Introduction

What is The New Yorker? I know it’s a great magazine and that it’s a tremendous source of pleasure in my life. But what exactly is it? This blog’s premise is that The New Yorker is a work of art, as worthy of comment and analysis as, say, Keats’s “Ode on a Grecian Urn.” Each week I review one or more aspects of the magazine’s latest issue. I suppose it’s possible to describe and analyze an entire issue, but I prefer to keep my reviews brief, and so I usually focus on just one or two pieces, to explore in each the signature style of its author. A piece by Nick Paumgarten is not like a piece by Jill Lepore, and neither is like a piece by Ian Frazier. One could not mistake Collins for Seabrook, or Bilger for Galchen, or Mogelson for Kolbert. Each has found a style, and it is that style that I respond to as I read, and want to understand and describe.

Friday, February 13, 2015

February 9, 2015 Issue


Notes on this week's issue:

1. I like a good argument. Kelefa Sanneh, in his absorbing "Don't Be Like That," takes issue with a new anthology called The Cultural Matrix: Understanding Black Youth, edited by Orlando Patterson (with Ethan Fosse), which faults black culture for, among other things, “suboptimal cultural traits,” such as devaluation of traditional coparenting and eschewal of mainstream styles of childrearing. Sanneh sees this as a form of “victim-blaming.” The real culprit, he says, is racism. He says of Patterson’s approach, “He contends that black culture can and must change while conceding, less loudly, that ‘thoroughly racist’ whites are likely to remain stubbornly the same.” In the aftermath of Ferguson, Sanneh’s conclusion – “If we want to learn more about black culture, we should study it. But, if we seek to answer the question of racial inequality in America, black culture won’t tell us what we want to know” – seems irrefutable.

2. Last year, Amelia Lester, in her review of Wallflower, wrote one of my favorite lines: “If you feel like eating a carrot-and-black-trumpet-mushroom salad with your second tequila cocktail, you’re in luck, and perhaps it’s the right call—the windows frame an obnoxiously bright Equinox gym, where Lululemoners reading Us Weekly on the elliptical pedal through the night in silent rebuke” ("Bar Tab: Wallflower," The New Yorker, March 31, 2014). This week, she scores another wonderful description, a representation of a Cosme dessert: “a corn-husk meringue with its own hashtag, possessed of an intensely milky taste from the mousse of mascarpone, cream, and corn purée that spills out like lava from its core.” "Tables For Two: Cosme is ravishing; every line surprises and delights.
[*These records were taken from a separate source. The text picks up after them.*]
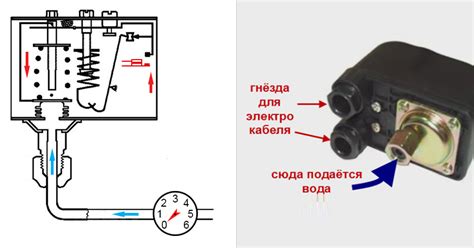 Калибровка реле перепада давления: важные моменты и правила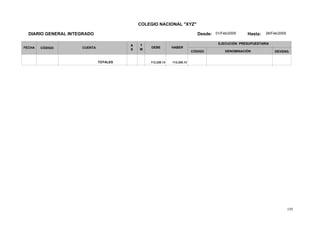 155
COLEGIO NACIONAL "XYZ"
DIARIO GENERAL INTEGRADO Desde: 01/Feb/2005 Hasta: 28/Feb/2005
FECHA CÓDIGO CUENTA
T
M
A
S
DEBE HABER
EJECUCIÓN PRESUPUESTARIA
DENOMINACIÓNCÓDIGO DEVENG.
TOTALES 113,328.13 113,328.13
 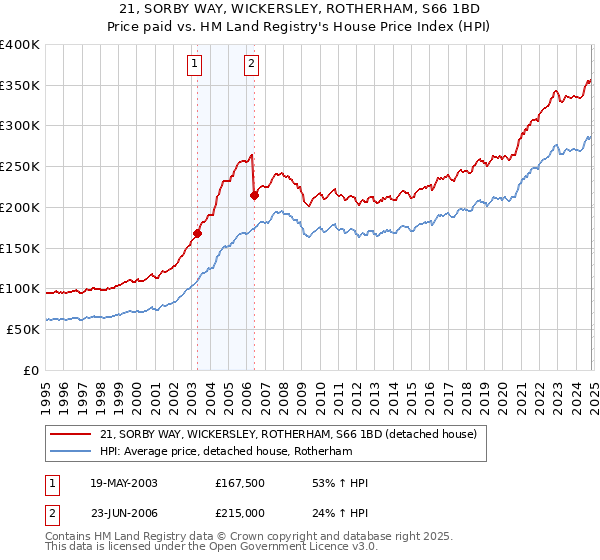 21, SORBY WAY, WICKERSLEY, ROTHERHAM, S66 1BD: Price paid vs HM Land Registry's House Price Index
3. Not to be outdone, Emma Allen, in her terrific "Bar Tab: Winnie's," constructs this verbal wunderkammern: “One evening in Chinatown, a young woman in a Nirvana T-shirt took a break from mixing Hawaiian punches—a juggling act involving eight kinds of liquor, pineapple juice, and grenadine—to pull out a giant laser disk, grab a mic, and perform ‘Santeria,’ by Sublime.” Her review features a great opening line, too: “The narrative arcs of nights spent drinking are sometimes self-imposed (pub crawl begins here, ends there), sometimes forced upon us (I woke up in Ronkonkoma!).”

4. Alex Ross’s "Eyes and Ears" describes a marvelous effect – the way seventeenth-century music played amid Caravaggios brings the paintings alive. He writes,

Throughout the evening, I couldn’t escape the uncanny feeling that the people in the paintings were listening in, as in some spooky Victorian tale of portraits come to life. In the presence of the music, their eyes possibly glowed a little brighter, their flesh a little warmer. In Gallery 621, the effect was all but electric: chaste religious figures seemed on the verge of jumping out of the chiaroscuro shadows and joining the women of TENET, who, in turn, looked ready to step through the frames into the other world. Then, with the applause, the spell was broken: the living walked away, and the pictures fell silent for the night.

Ross’s piece is accompanied by a luminous, delicately hued Riccardo Vecchio illustration, the newyorker.com version of which beautifully shimmers on my computer screen.